_WHAT TO DO_. Pictures stay out of the copy; set down each line of the listing below exactly.

--- --- ---

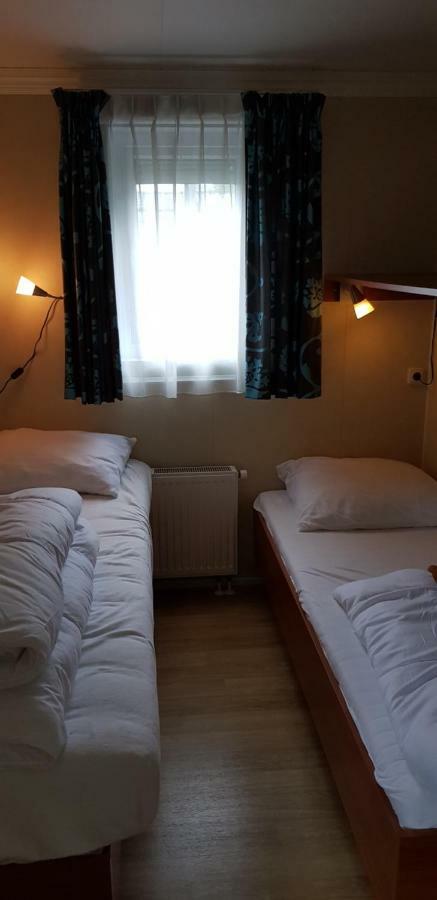 Chalet De Zeeuwse Lûûkjes 2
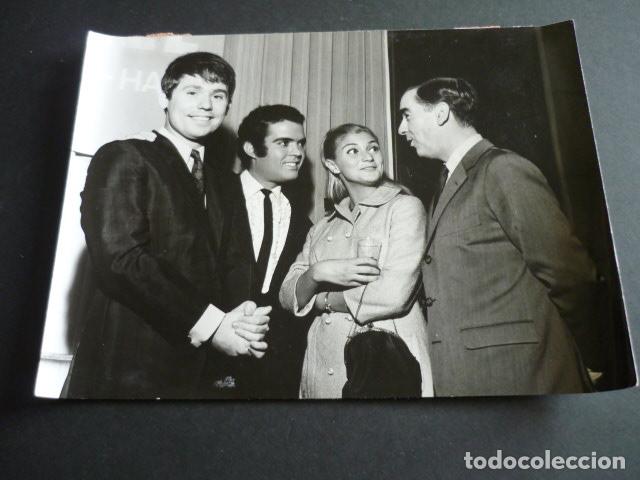 Photos of Singers: RAPHAEL CANTANTE ANTIGUA FOTOGRAFIA 18 X 24 CM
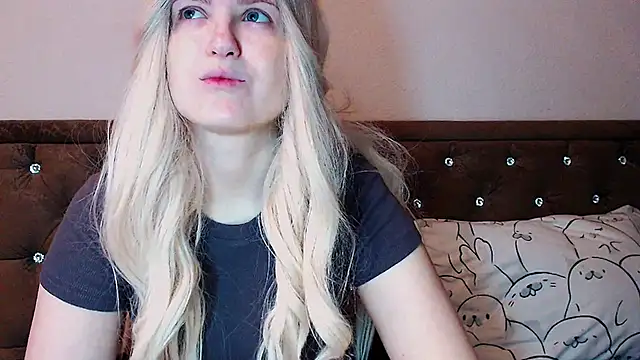 Sara4uu online show from 11.23.25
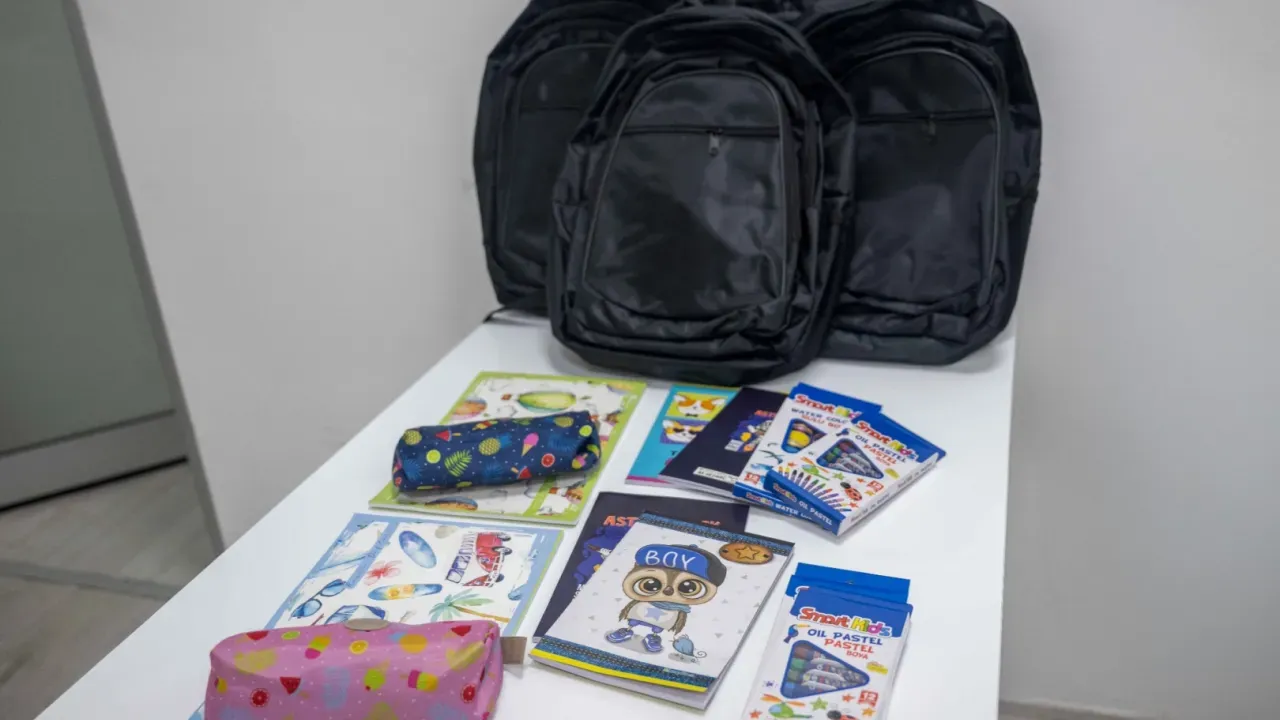 Bornova’da minik öğrencilere kırtasiye desteği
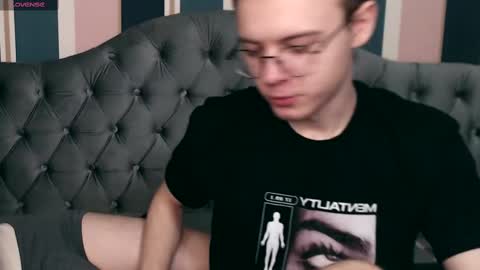 kerry_niki online show from February 28, 2025, 12:52 pm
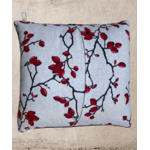 coussin laine mouton pyrenees marron chocolat graines eglantier rouge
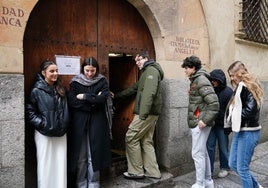 Estudiantes universitarios entran a la biblioteca de Santa María de los Ángeles, en Libreros.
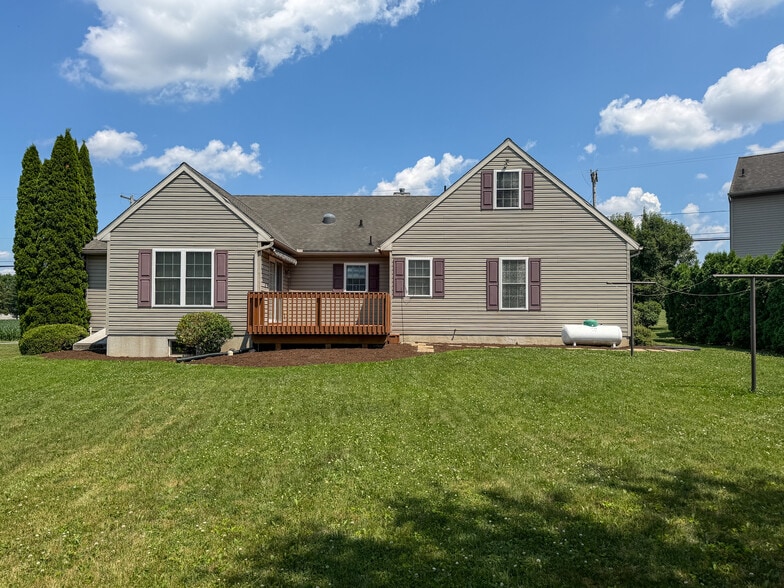 Building Photo - 1387 Sheep Hill Rd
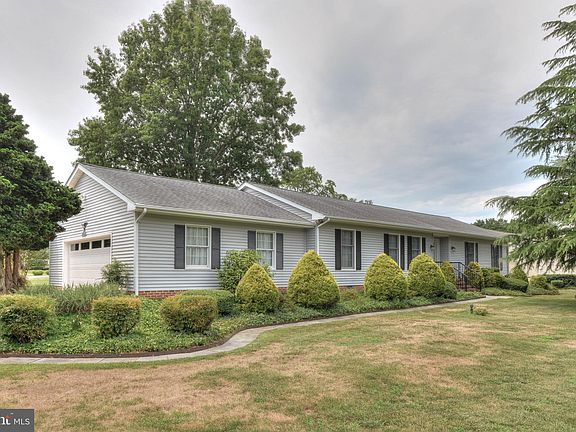 2nd image of 31329 Edgewood Dr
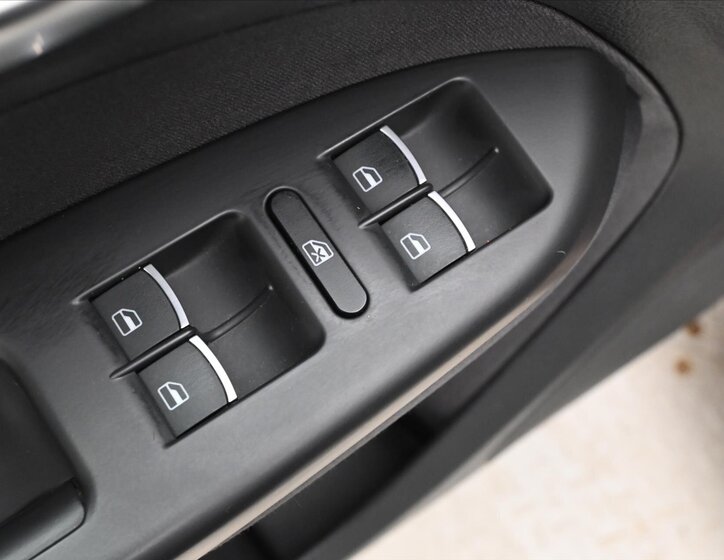 Volkswagen Touran MPV 1,6 l 77 kw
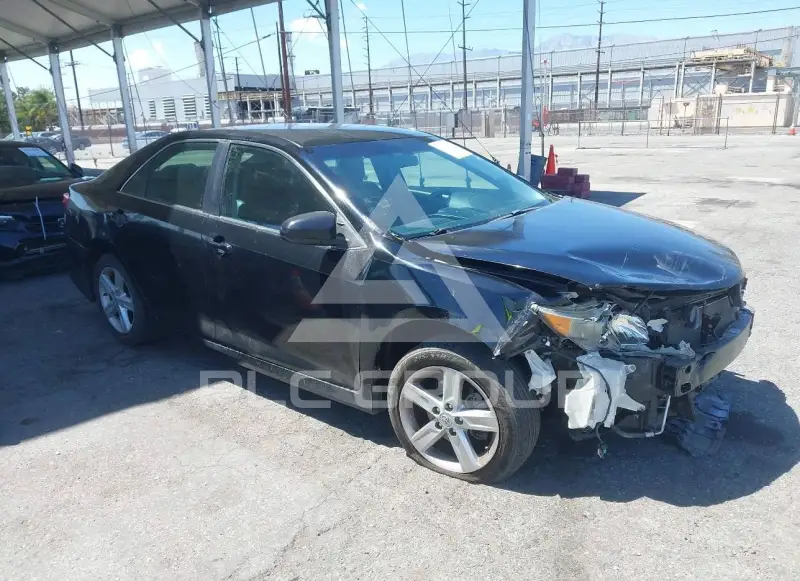 2014 Toyota CAMRY photo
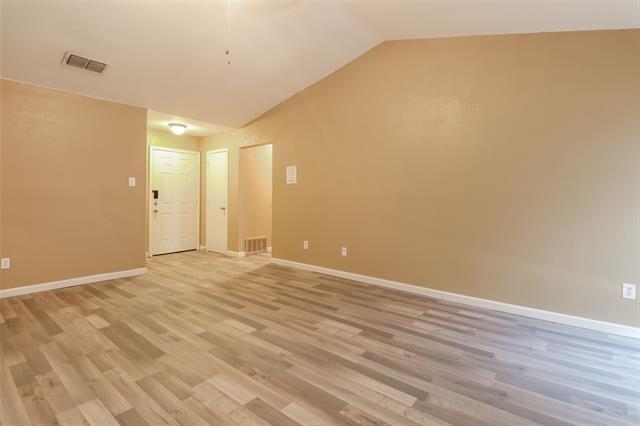 Foto del edificio - 1704 Acorn Dr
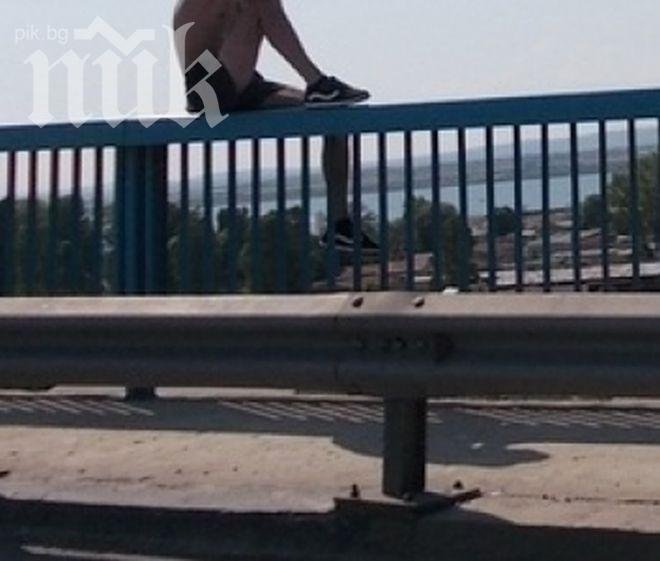 Полиция свали отчаян младеж от перилата на Аспарухов мост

--- --- ---

_TASK RESULT_.
 Chalet De Zeeuwse Lûûkjes 2
 Photos of Singers: RAPHAEL CANTANTE ANTIGUA FOTOGRAFIA 18 X 24 CM
 Sara4uu online show from 11.23.25
 Bornova’da minik öğrencilere kırtasiye desteği
 kerry_niki online show from February 28, 2025, 12:52 pm
 coussin laine mouton pyrenees marron chocolat graines eglantier rouge
 Estudiantes universitarios entran a la biblioteca de Santa María de los Ángeles, en Libreros.
 Building Photo - 1387 Sheep Hill Rd
 2nd image of 31329 Edgewood Dr
 Volkswagen Touran MPV 1,6 l 77 kw
 2014 Toyota CAMRY photo
 Foto del edificio - 1704 Acorn Dr
 Полиция свали отчаян младеж от перилата на Аспарухов мост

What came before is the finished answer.